It may be possible that I can work around this by preseeding debconf with only SmartOS. But even still, the change in behavior when the configuration didn't change is still an issue either way.

TheRealFalcon commented 1 year ago

Why is ds=nocloud-net in your kernel command line? I get that this behavior has changed, but it's arguable that this change is purely a bug fix and your current configuration would be incorrect if you're not expecting a NoCloud datasource.

bahamat commented 1 year ago

That's left over from the image creation process (because of the way it's done it doesn't provide the same metadata facilities as a normal instance), and I didn't realize that was there until I started debugging this issue.

I have a build running now that includes both the dpkg and grub config fixes to see if it helps.

TheRealFalcon commented 1 year ago

@bahamat , any updates here? Were you able to fix your issue by changing configuration?

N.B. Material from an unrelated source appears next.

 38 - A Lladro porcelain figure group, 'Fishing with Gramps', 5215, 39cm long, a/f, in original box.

bahamat commented 1 year ago

@TheRealFalcon I did actually. We had a release yesterday so that took up some of my time over the past few days, but I did manage to get this tested as well.

So what I did with the new image is preseed debconf to include only SmartOS in the 90_dpkg.cfg file, and removed the ds=nocloud, and between the two of those it's behaving correctly again.

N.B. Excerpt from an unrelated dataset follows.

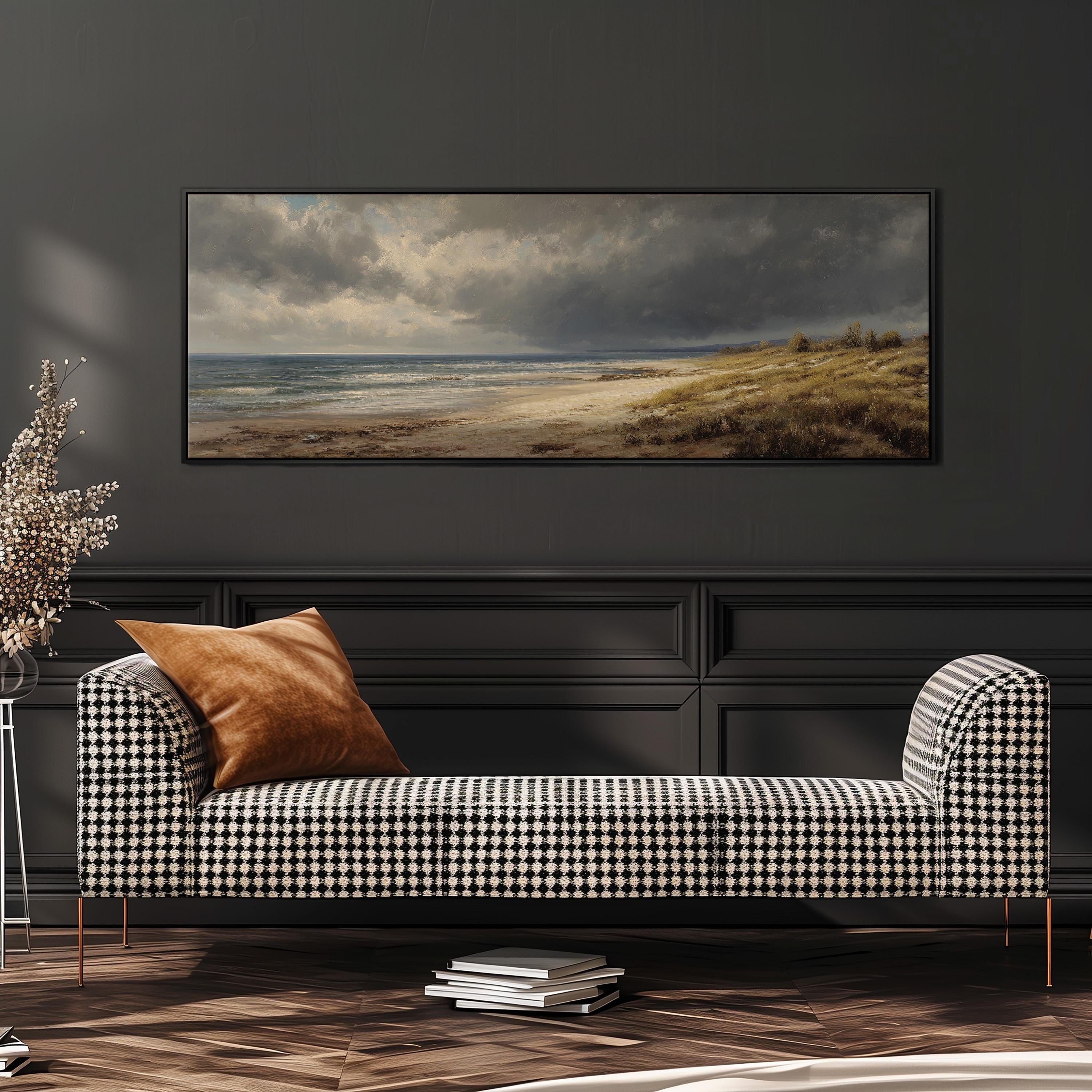 a large painting of a beach scene hanging on a wall above a black and white checkered sofa with a brown throw pillow.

I'm still a bit curious as to exactly why the behavior changed, but I can plausibly consider that it is is simply cloud-init now correctly obeys the kernel cmdline, and that a bug fix on your side also revealed a bug on my side.

With that, I think I'm satisfied with the current state. Thanks for helping get this sorted out.

TheRealFalcon commented 1 year ago

I'm still a bit curious as to exactly why the behavior changed

There was an overhaul in how we handled the kernel cli params, and as part of that we ensured nocloud detection.

Given your last comment, I'm going to close this. Feel free to open a new issue if anything else pops up.